Start of Block
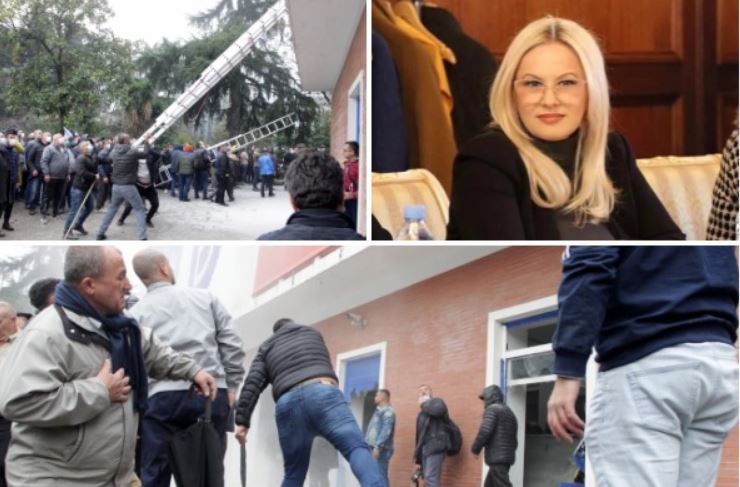 dhuna ne seline e pd deputetja taso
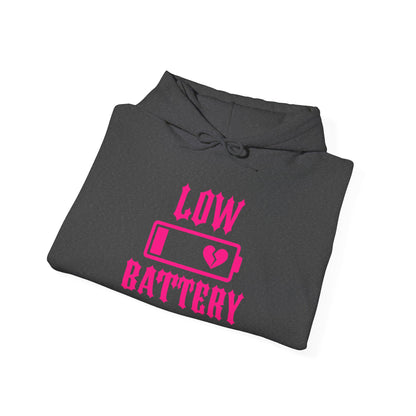 Forever Empty Hoodie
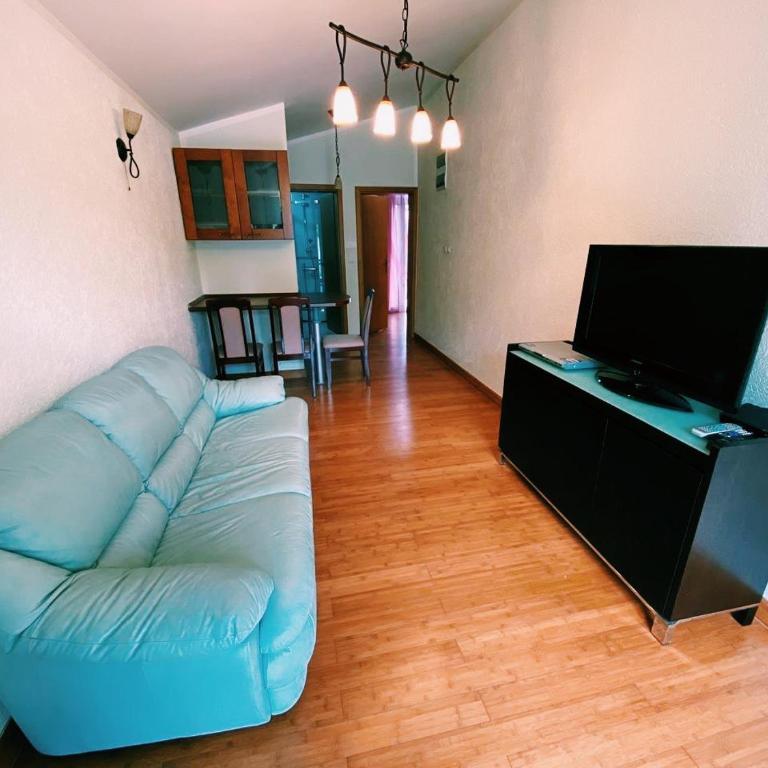Dream Apartments - Two-Bedroom Apartment - 3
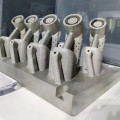 3D Printed Automobile Parts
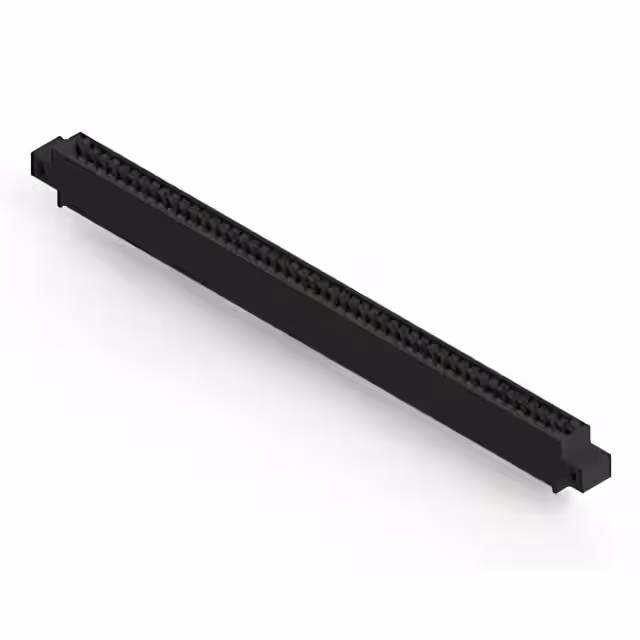 396-049-521-612 EDAC Inc.  Edgeboard Connectors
End of Block
§ PROBLEM DETAILS
Please retype every record exactly, leaving the pictures out.

§ ANSWER TO THIS EXERCISE
 dhuna ne seline e pd deputetja taso
 Forever Empty Hoodie
Dream Apartments - Two-Bedroom Apartment - 3
 3D Printed Automobile Parts
 396-049-521-612 EDAC Inc.  Edgeboard Connectors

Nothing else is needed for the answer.